Si vous faites écrire votre lettre par quelqu’un d’autre (en raison de circonstances particulières), n’oubliez pas de le signaler. Cela évitera des erreurs sur la personne qui pourraient, au final, se retourner contre le candidat.
Rien ne sert de masquer son écriture. Vouloir déguiser son écriture (sur quelles bases ? pour adopter quel type de graphisme ?) dessert le candidat. On peut certes discipliner son écriture (contrôler certains gestes en adoptant par exemple une écriture scripte) mais le spécialiste détectera facilement sur l’ensemble du document ces modifications et les caractéristiques de votre écriture réelle. De fait, il analyse un faisceau d’indications (qu’il croise et vérifie), jamais des signes pris isolément. En aucun cas il ne fonde son opinion sur une seule particularité. Conclusion : ce n’est pas parce que vous inclinez votre écriture vers la droite que le graphologue va considérer que vous êtes tourné vers l’avenir ou vers les autres ! En conséquence, restez vous-même, c’est votre meilleur atout ! Le camouflage de votre écriture est inutile et néfaste.
Ne pensez pas que votre écriture, changeante en fonction des moments, traduise mal votre personnalité ou dévalorise votre potentiel. Certes, l’écriture varie d’une période à une autre car elle est perméable aux influences (positives ou négatives) de l’environnement sur la personne. Mais, rassurez-vous, le professionnel de l’écriture s’intéresse prioritairement à la « structure » et à « l’agencement » de l’écriture indépendamment des variations de la forme, du trait et de la direction. Il pourra toujours déceler les invariants de votre personnalité.
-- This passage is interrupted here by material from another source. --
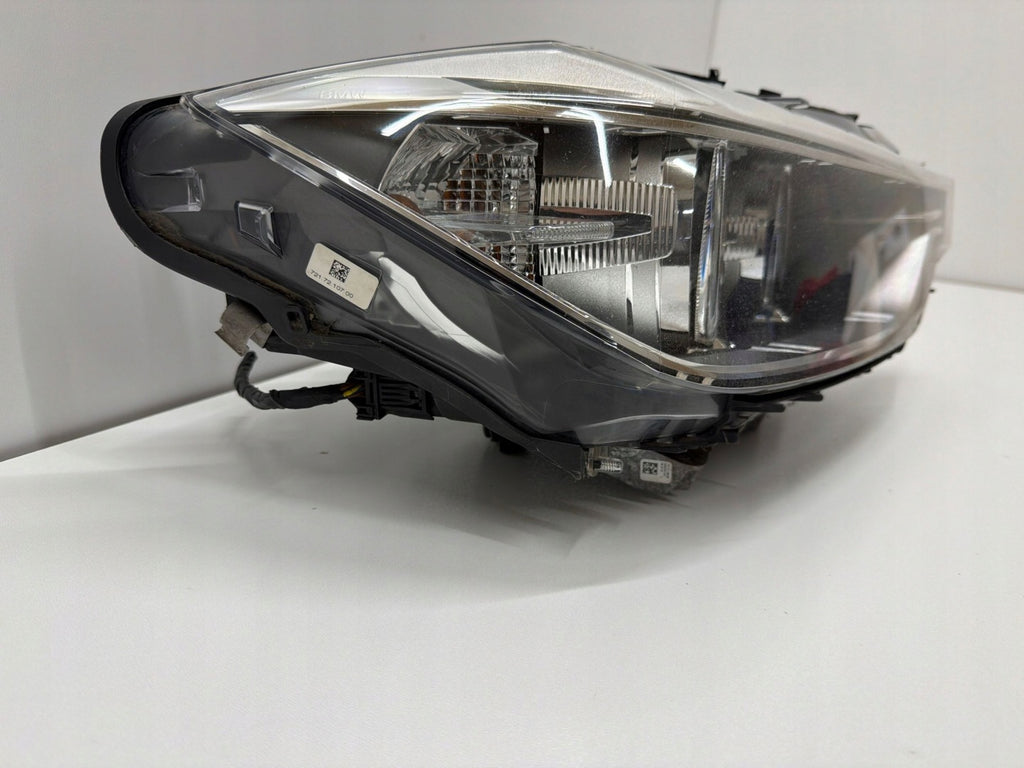 Frontscheinwerfer BMW 3 F30 F31 1547372172 Rechts Scheinwerfer Headlight SCH3530280193es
Ne photocopiez pas votre lettre manuscrite. Les télécopies déforment ou cachent les signes que révèle l’écriture (trait plus ou moins fin, « trame » de l’écriture moins évidente à analyser).
Ne cherchez pas à produire des effets. Inutile d’utiliser un papier trop épais par exemple ou une encre de couleur peu utilisée.
Signalez au recruteur si vous êtes gaucher (en post-scriptum de votre lettre). Cette indication serait susceptible d’expliquer certains gestes graphiques propres aux gauchers. Sans cette précision, certains traits de caractère pourraient être interprétés avec plus ou moins de nuance.